====== COLLECTED MATERIAL
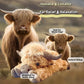 🐂🎁Jouet mignon en forme de vache des Highlands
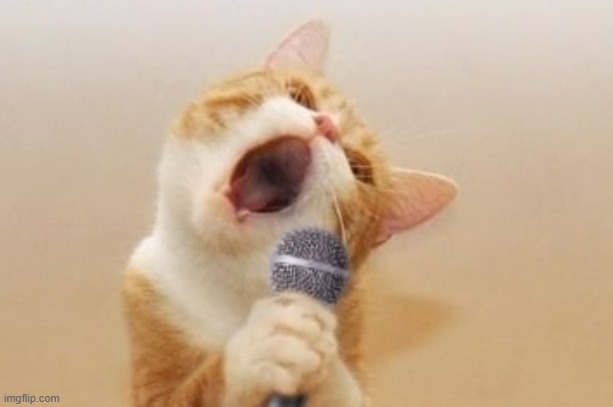 Funny cat | image tagged in funny cat | made w/ Imgflip meme maker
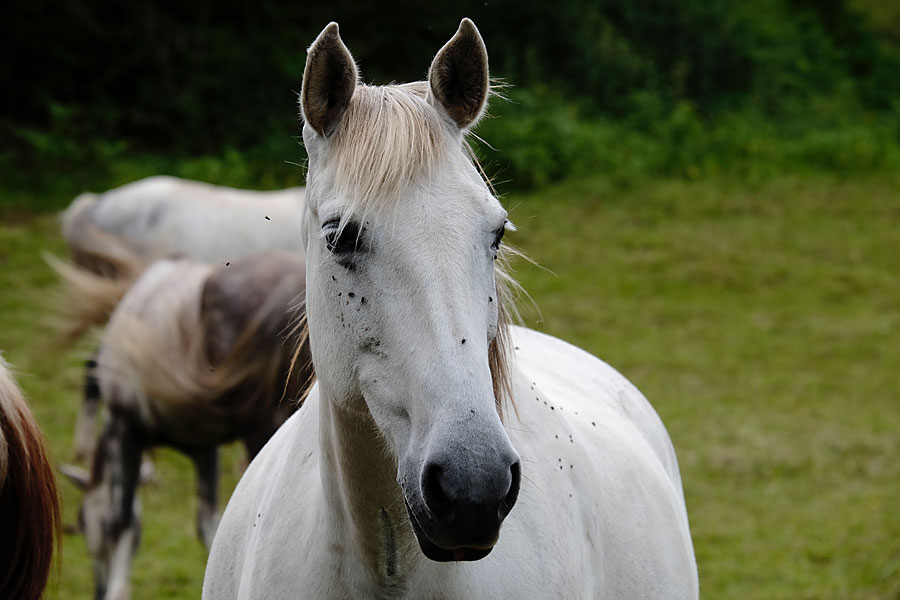 Ed-keurig-belicht-wit-paard.jpg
============
### YOUR OBJECTIVE
Your task is to repeat the data above exactly while excluding the pictures.

### RESPONSE TO THIS TASK
 🐂🎁Jouet mignon en forme de vache des Highlands
 Funny cat | image tagged in funny cat | made w/ Imgflip meme maker
 Ed-keurig-belicht-wit-paard.jpg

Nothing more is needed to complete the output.